Required action –
Your task is to give the records again exactly. Leave each picture out.

*** Opening Material to process ***

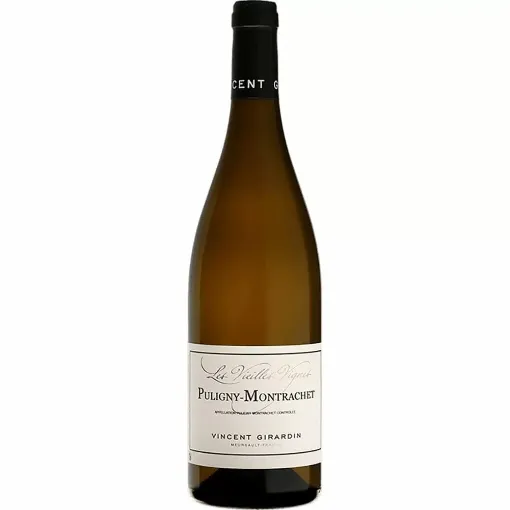 Picture of Vincent Girardin - Puligny-Montrachet - Vieilles Vignes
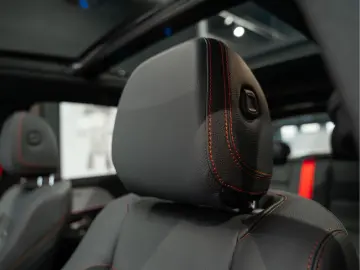 MERCEDES-BENZ GLE 53 AMG 4Matic  AMG 53 Hybrid 4MATIC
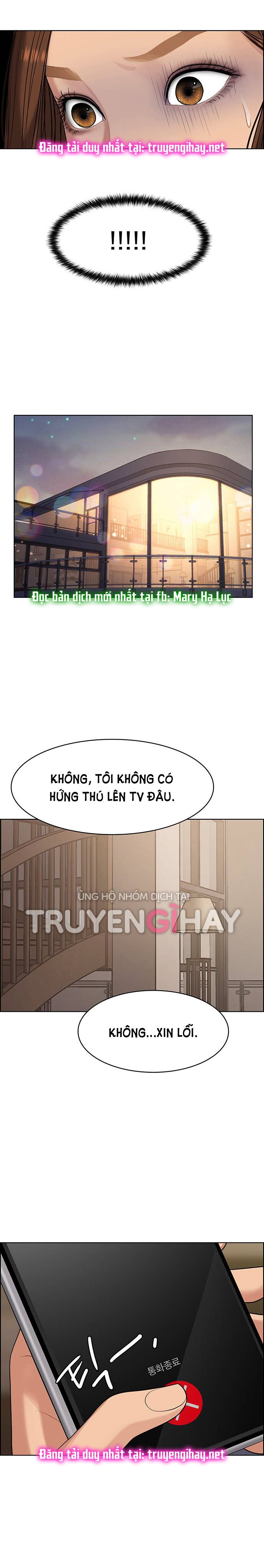 vẻ đẹp đích thực - true beauty chapter 189.1 8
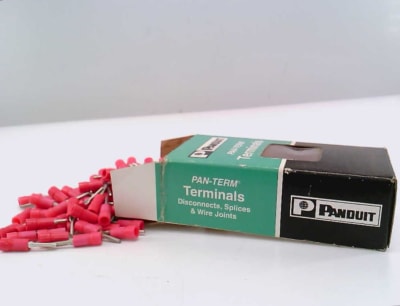 PANDUIT PV18-P47-C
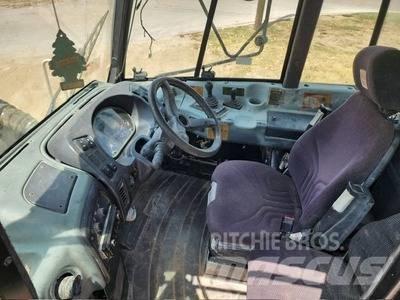Terex TA 300 Csuklósdömperek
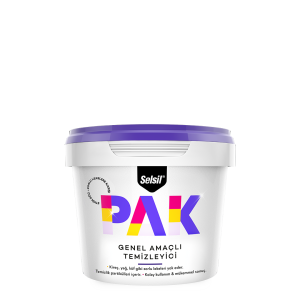 Selsil PAK Multi-Purpose Cleaning Paste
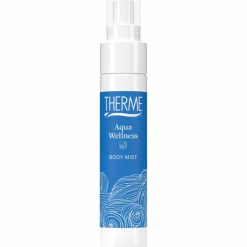 Voor Haar|Huidverzorging<Therme Body Mist Aqua Wellness 60 ml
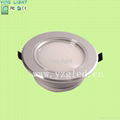 LED downlight 5w/10w 1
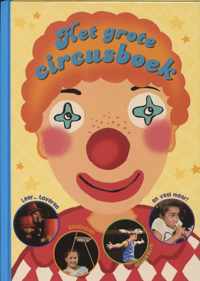 Het Grote Circusboek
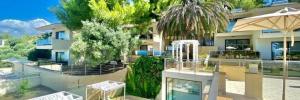 Imagine pentru Hotel Rahoni Cronwell Park Cazare - Litoral Nea Skioni (kassandra) 2025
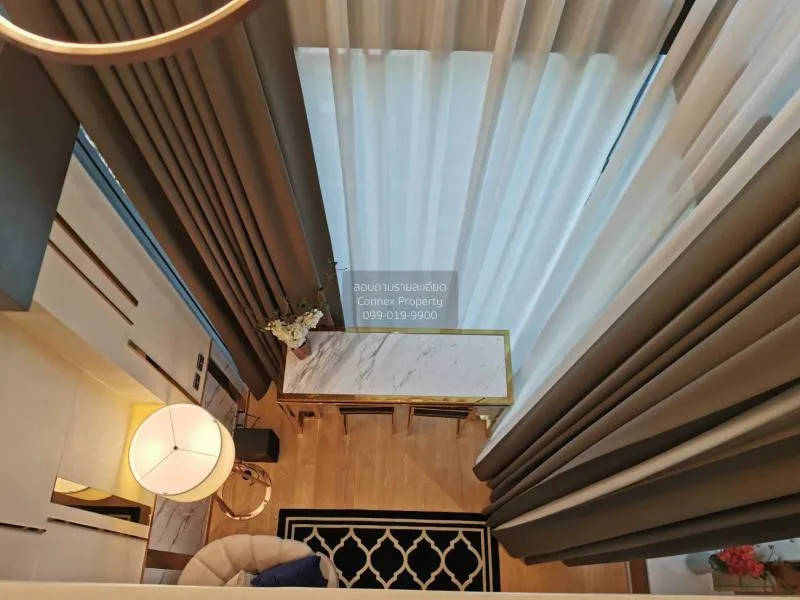 เช่าคอนโด  28 ชิดลม ดูเพล็กซ์ BTS-ชิดลม ลุมพินี เขต ปทุมวัน กรุงเ 4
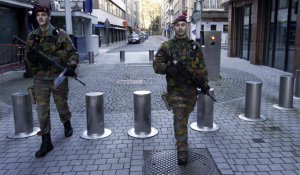 Lutte contre le terrorisme : les Européens réunis pour renforcer leur coopération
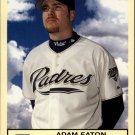 2005 Fleer Tradition 43 Adam Eaton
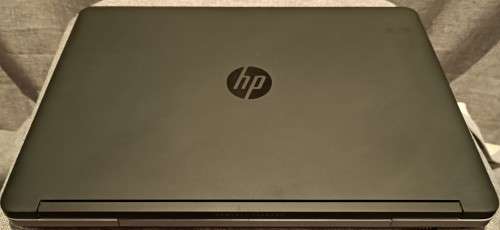 HP ProBook 650 G1, Intel i5-4200M@2.5GHz, 12GB Memory, 128GB m.2 SSD, 500GB HDD, 15.6` Display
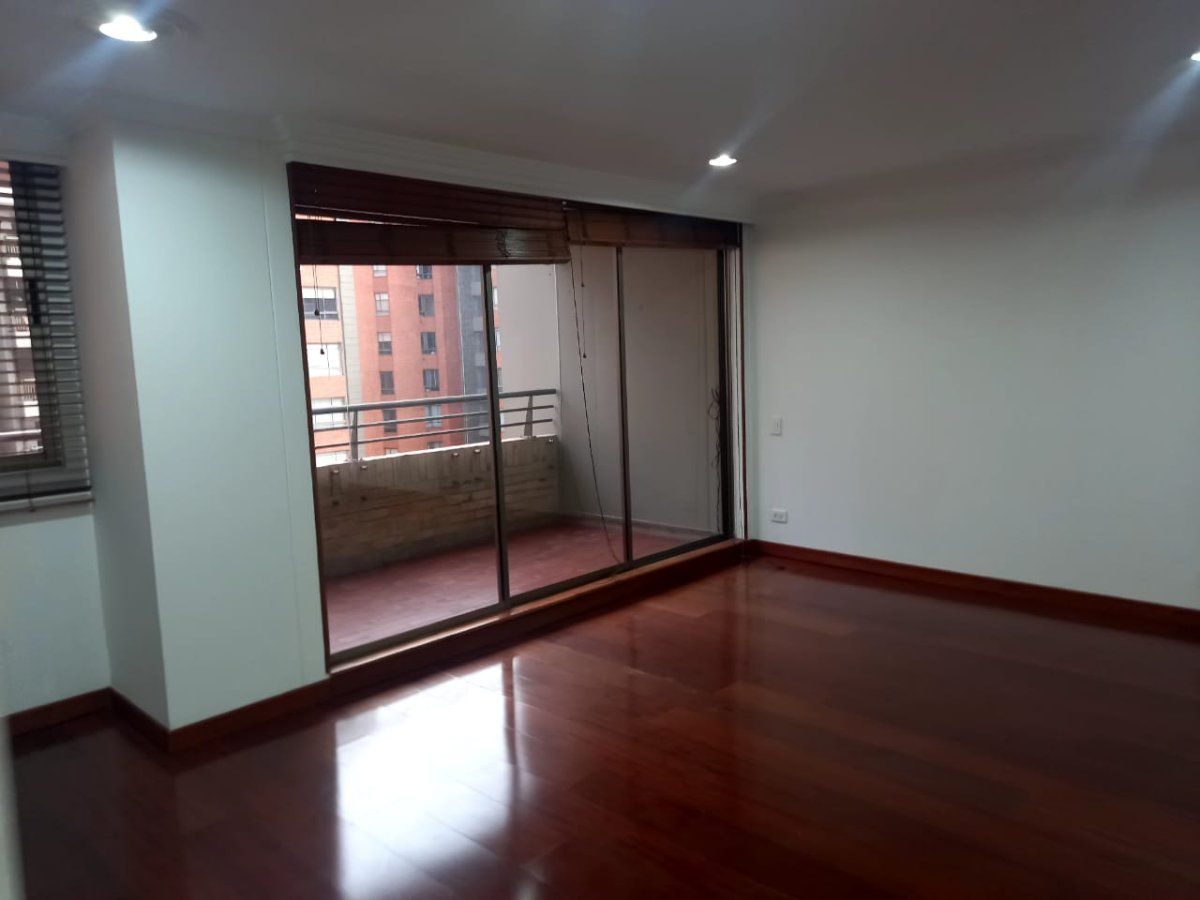 Apartamento en arriendo Lisboa 127 m² - $ 4.650.000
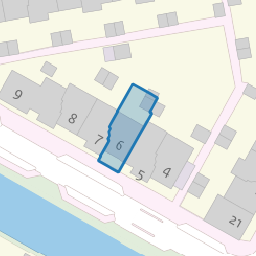 Perceel LDN01-M-7617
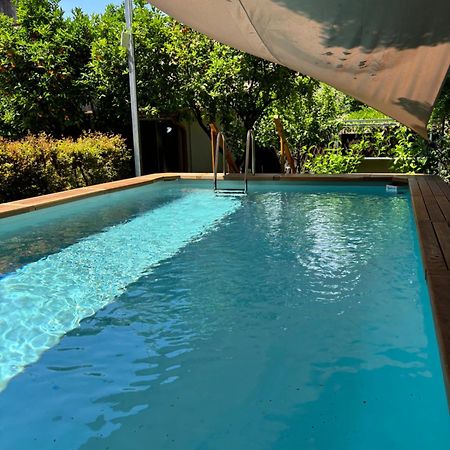 Delightful Relaxing Home With Heated Pool Near Catania, Taormina, The Sea And Mount Etna Giarre Zewnętrze zdjęcie
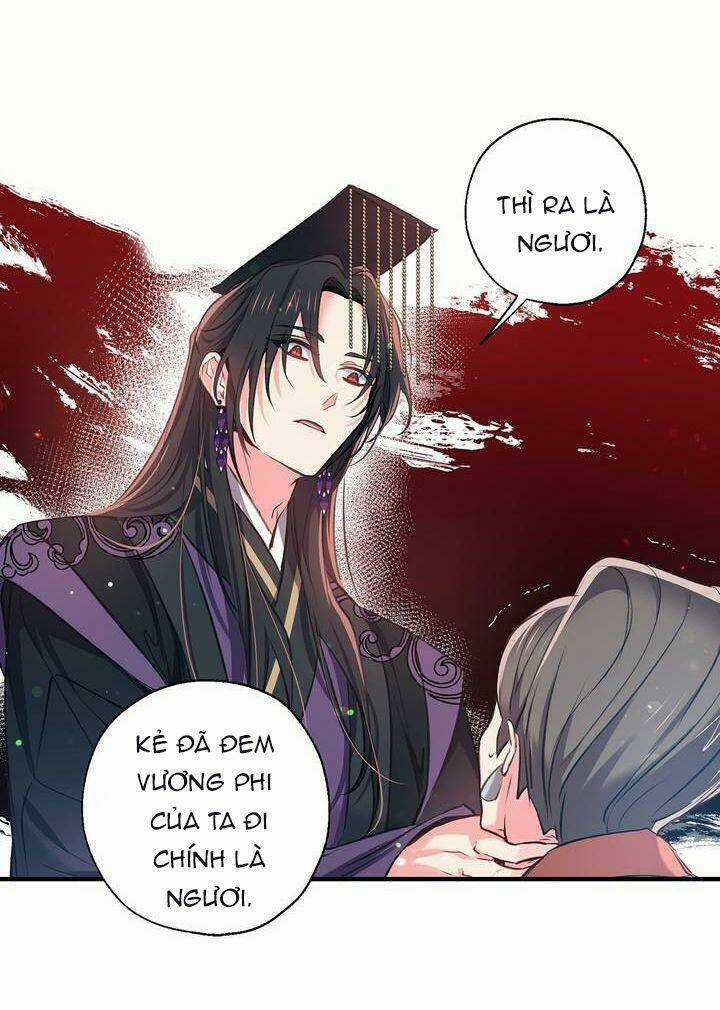 Sơn Ca Yêu Kiều Của Yêu Tinh Chapter 32 trang 41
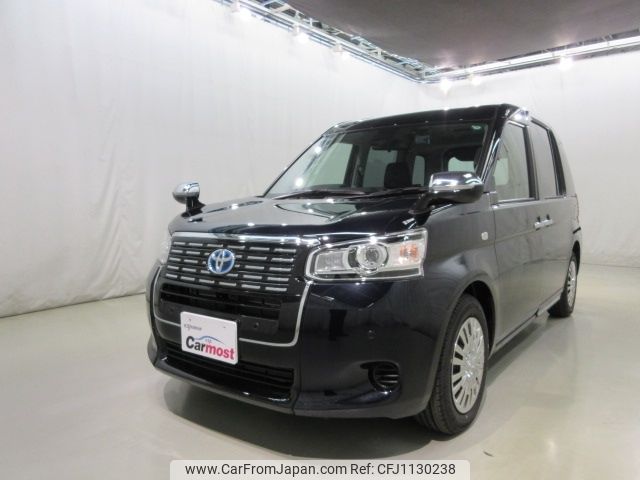 toyota toyota-others 2024 -TOYOTA--JPN TAXI 6AA-NTP10--NTP10-2014***---TOYOTA--JPN TAXI 6AA-NTP10--NTP10-2014***- image 1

*** Closing Material to process ***

Answer section –
 Picture of Vincent Girardin - Puligny-Montrachet - Vieilles Vignes
 MERCEDES-BENZ GLE 53 AMG 4Matic  AMG 53 Hybrid 4MATIC
 vẻ đẹp đích thực - true beauty chapter 189.1 8
 PANDUIT PV18-P47-C
Terex TA 300 Csuklósdömperek
 Selsil PAK Multi-Purpose Cleaning Paste
 Voor Haar|Huidverzorging<Therme Body Mist Aqua Wellness 60 ml
 LED downlight 5w/10w 1
 Het Grote Circusboek
 Imagine pentru Hotel Rahoni Cronwell Park Cazare - Litoral Nea Skioni (kassandra) 2025
 เช่าคอนโด  28 ชิดลม ดูเพล็กซ์ BTS-ชิดลม ลุมพินี เขต ปทุมวัน กรุงเ 4
 Lutte contre le terrorisme : les Européens réunis pour renforcer leur coopération
 2005 Fleer Tradition 43 Adam Eaton
 HP ProBook 650 G1, Intel i5-4200M@2.5GHz, 12GB Memory, 128GB m.2 SSD, 500GB HDD, 15.6` Display
 Apartamento en arriendo Lisboa 127 m² - $ 4.650.000
 Perceel LDN01-M-7617
 Delightful Relaxing Home With Heated Pool Near Catania, Taormina, The Sea And Mount Etna Giarre Zewnętrze zdjęcie
 Sơn Ca Yêu Kiều Của Yêu Tinh Chapter 32 trang 41
 toyota toyota-others 2024 -TOYOTA--JPN TAXI 6AA-NTP10--NTP10-2014***---TOYOTA--JPN TAXI 6AA-NTP10--NTP10-2014***- image 1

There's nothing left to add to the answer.